A payment reminder is a letter that a company sends to a customer if he has not paid for a rendered service. As the name implies, it should remind the customer of the due payment, because with a payment reminder, the company assumes that the customer has simply forgotten to settle the account. Therefore this letter is very polite in tone. The customer should never be offended or annoyed by the payment reminder.
The payment reminder has no legal consequences. In Germany, in case of an outstanding, due receivable, it is common practice to send three letters before taking any further action, such as filing a legal dunning procedure or appointing a collection agency. The first letter, in its polite form, is often referred to as a payment reminder, because at that time the company still assumes that the customer did not purposely leave the account outstanding. This reminder letter does not yet have any legal consequence. Usually, it is only in the second letter that a linguistically more matter-of-fact request is made to settle the outstanding account. This second document is then called "dunning". A third letter is usually titled "final reminder". There are no prescribed rules for this. Each company decides for itself which escalation steps to take in the dunning procedure and whether it presents a second letter as another payment reminder - without legal consequence - or a dunning letter, with the result that the debtor is thereby put in default (if he is not already in default according to § 286 German Civil Code).
There is no obligation for the procedure to include three different letters.

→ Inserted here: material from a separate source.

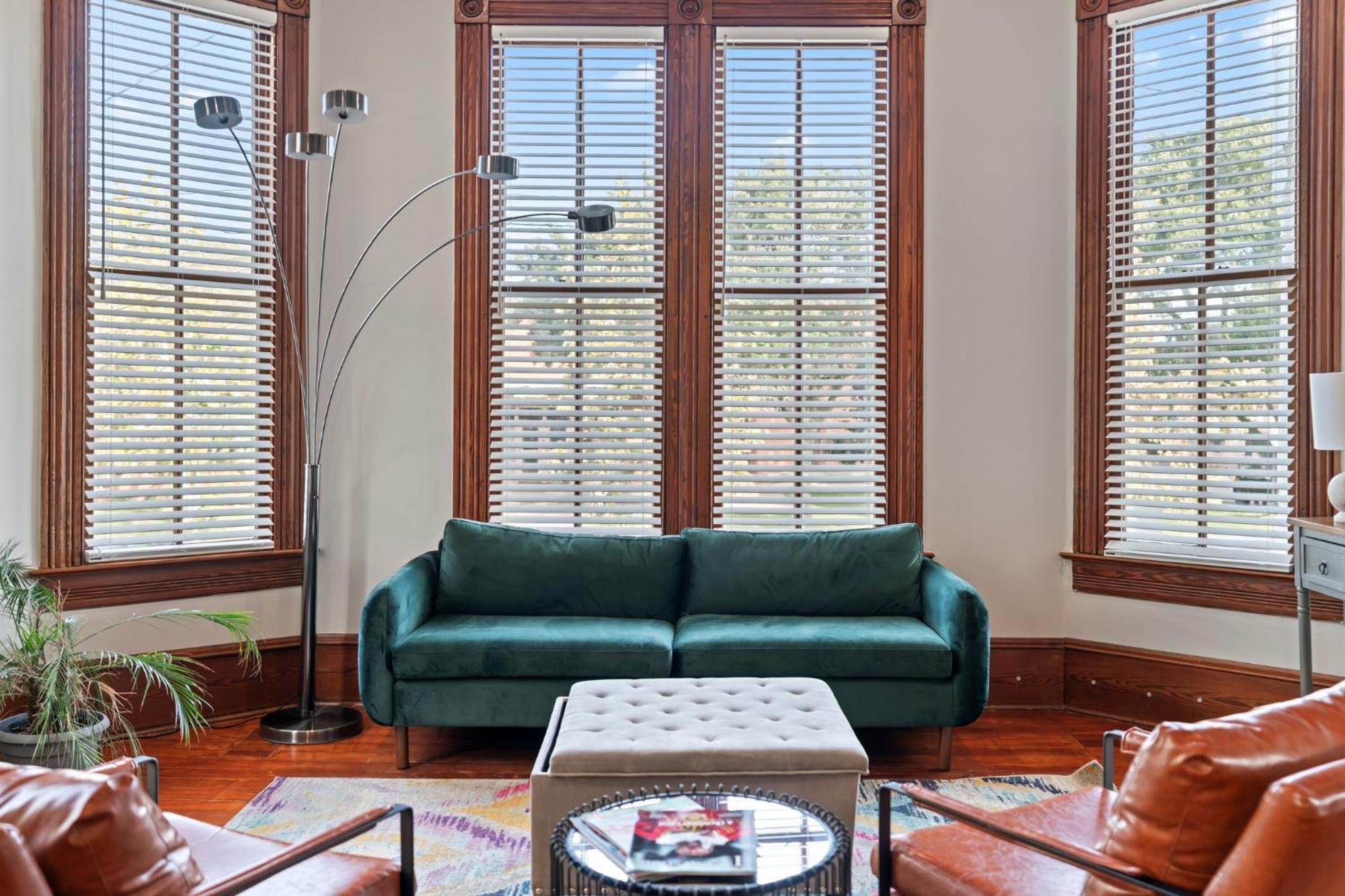 Historic Galveston Family Beach Home With 3 King Beds Buitenkant foto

The debtor is in default of payment no later than the first dunning letter. On the one hand, this justifies further measures. On the other hand, the debtor is obligated to compensate the creditor for the damages caused by default (§§ 280, 286 BGB) from the moment he defaults. Incidentally, a debtor can default even without any dunning (§ 286 BGB). This applies if a payment period is specified on the invoice or has been contractually agreed upon. If the debtor has not paid the full invoice due for services rendered before the deadline, he is already in default of payment. The debtor is in default of payment no later than 30 days after the due date and receipt of an invoice or equivalent payment schedule with a corresponding note. From a legal point of view, no dunning is required in this case.

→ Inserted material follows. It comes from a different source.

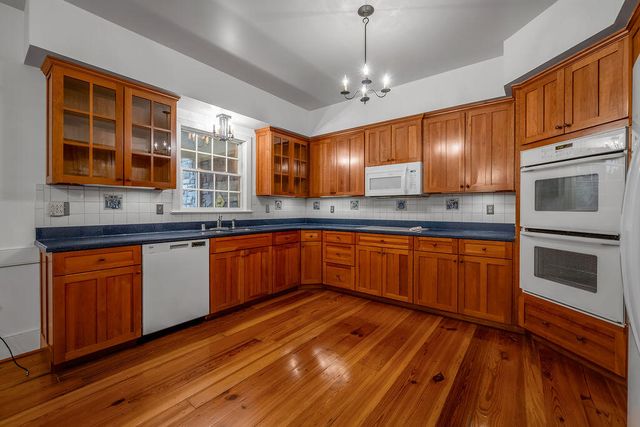 4205 John Alden Lane, Lexington, KY 40504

The referenced damages caused by default include dunning costs. If the debtor only defaults with dunning, no costs may be charged for this first dunning ("default-based dunning"). However, damages caused by default also include other items, such as interest on the principal claim. All costs arising from the collection of the receivable also count as damages caused by default and must be compensated to the creditor by the debtor. Also, the costs of hiring a collection service provider must ultimately be borne by the debtor. The same applies to all costs arising from a legal dunning procedure. The creditor must first pay the court costs himself (he pays an advance). However, these are later fully incorporated in the ancillary claim.
In this light, it is much better to respond to the friendly payment reminder from a business partner and settle the outstanding account. When a creditor sends a payment reminder, it is purely a gesture of goodwill.
A dunning always contains the following information: outstanding amount of the original invoice and the service rendered. In addition, the invoice number, the date, the recipient, and the sender should be stated. Often, the claiming company also grants its customer a new deadline for the due payment. A polite but definite claim for settlement of the due invoice is also part of a dunning. A dunning does not necessarily have to be sent by post. It can also be send by email.